4. Web UI / Dashboard

Page loads but runs never start

  • Confirm the FastAPI server log shows the incoming request. If not, CORS or proxy filters might block POSTs.
  • Ensure the backend is running in the same environment that has the agents/tasks installed.
  • When using --reload, the process restarts on file changes; avoid editing large directories while running tests.

--reload is for local development only. Do not expose the dashboard with --reload on shared or networked machines. For stable serving, omit the flag.

422 Unprocessable Entity when submitting the form

  • Agent path must be relative to repo root or absolute. Use the dropdown or copy/paste from agents/.
  • Task IDs require the @version suffix (e.g., filesystem_hidden_config@1).
  • Seeds must be integers.

Dashboard shows stale runs

Runs list is cached per session.

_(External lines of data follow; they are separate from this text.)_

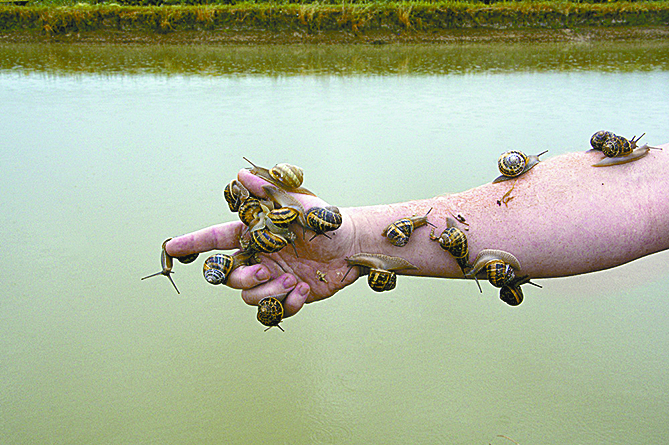 $!‘La ira de la devoción’ gana premio de fotografía en Francia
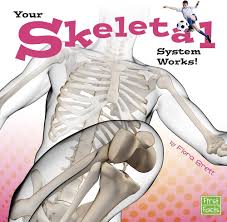 Your Skeletal System Works! (U)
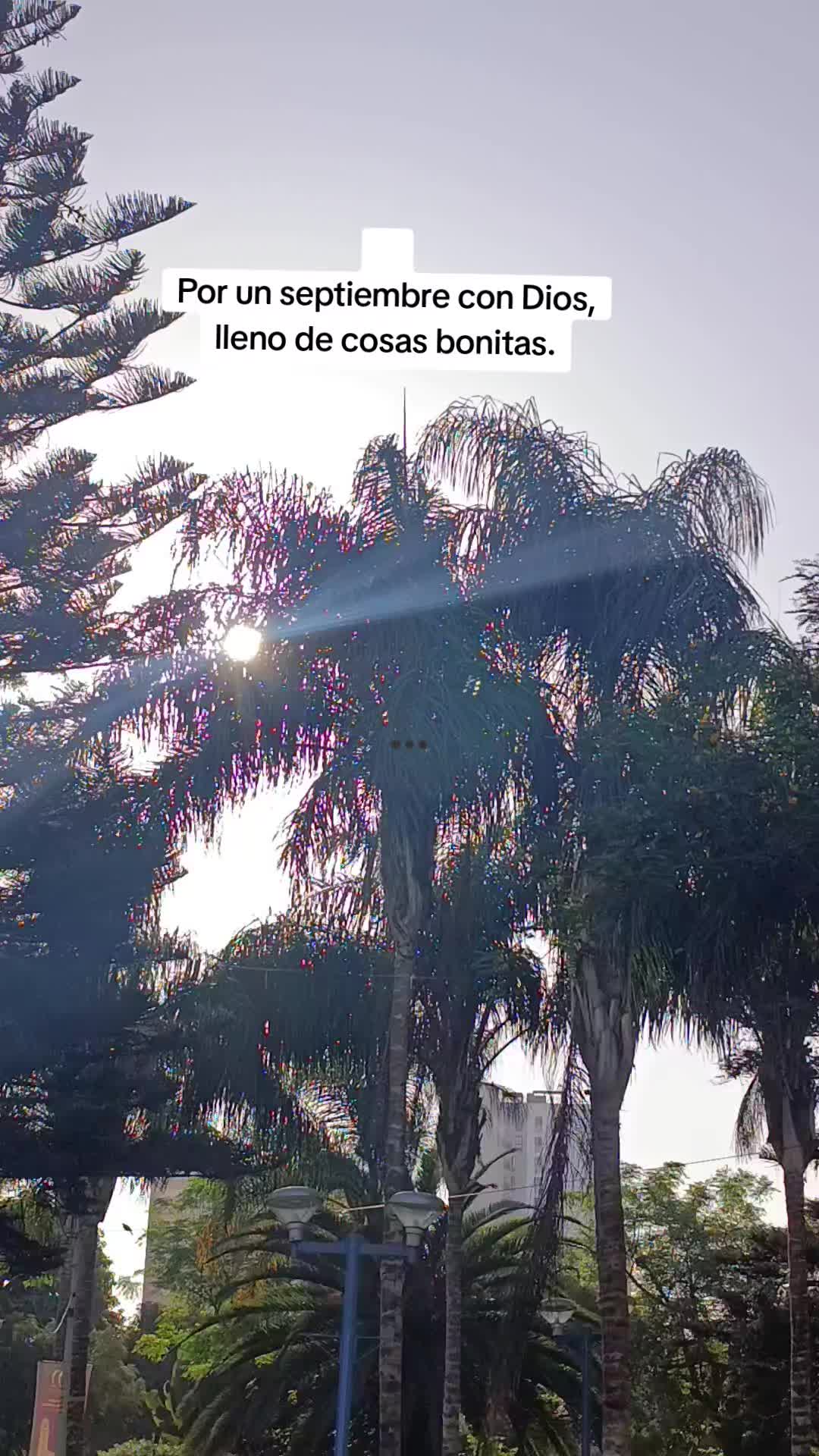 @Lesly Campos Díaz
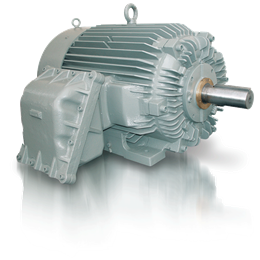 防爆馬達：耐壓防爆馬達系列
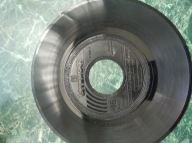 Płyta winylowa Zjednoczone Siły Natury MECH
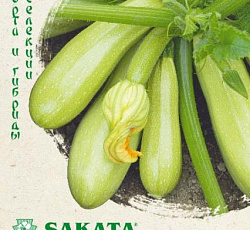 Кабачок Азов F1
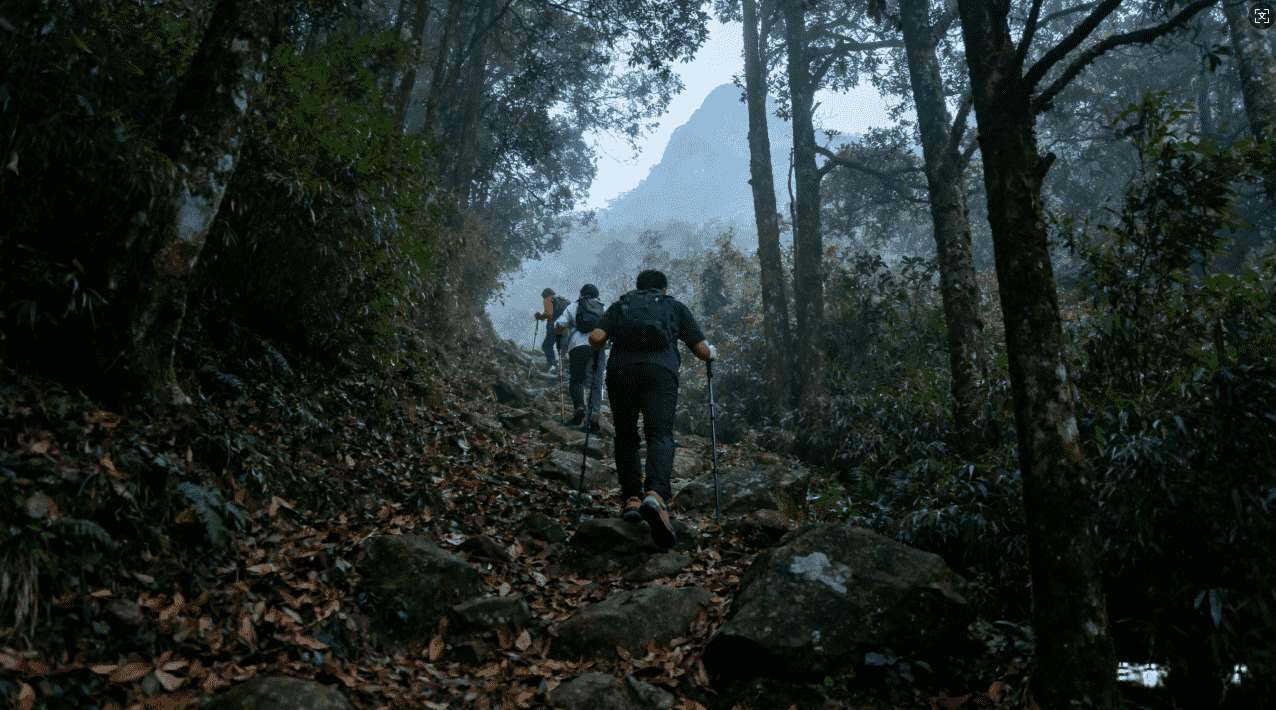 喵快加速器在游戏优化中的应用实践与显著优势分析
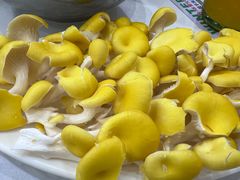 -朴小妹人参鸡汤火锅(长白山万达店)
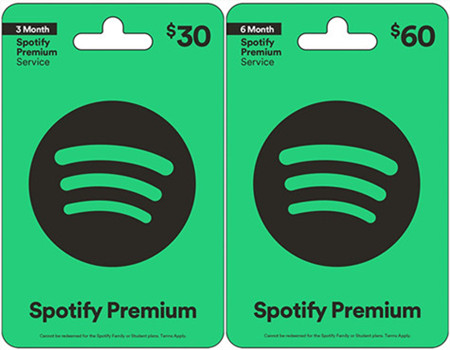 Spotify Premium Gift Card | Code from 1 month | cryptolog.fun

Force-refresh with Ctrl+Shift+R or call

tracecore runs summary --task log_stream_monitor@1 --limit 5

to verify the artifacts exist. If .agent_bench/runs/ is empty, ensure the CLI has write permissions (network shares may block file creation).


5. Maintenance & CI Helpers

tracecore maintain says changed: true but files are untouched

You are running in dry-run mode. Add --apply to write changes.

changed: false but file still violates style

Either the fixer does not target that file, or it is already idempotent. Cross-check the fixer patterns in docs/maintainer.md and run the dedicated formatter (e.g., ruff format, black) if needed.

CI fails with tracecore run ... exited 1

  • Re-run locally with the --seed reported in CI.
  • Check for relative paths that only exist on CI runners (e.g., /home/runner/work/...). Use repo-relative paths instead.
  • If CI lacks the recorded agent dependencies, ensure pyproject.toml extras cover them and pip install -e .[dev] is part of the workflow (see docs/ci_workflow.md).

6. When All Else Fails

  1. Inspect the latest .agent_bench/runs/<run_id>.json for harness + validator messages.
  2. Reproduce with a fixed --seed and inspect the resulting artifact.
  3. Capture environment details:
    • python --version
    • pip show agent-bench
    • OS / shell
  4. Cross-reference specialized docs:
    • docs/agent_interface.md for contract issues
    • docs/task_manifest.md + per-task READMEs for action schemas
    • docs/record_mode.md and docs/manual_verification.md for replay workflows
  5. File an issue with the above details if the problem persists.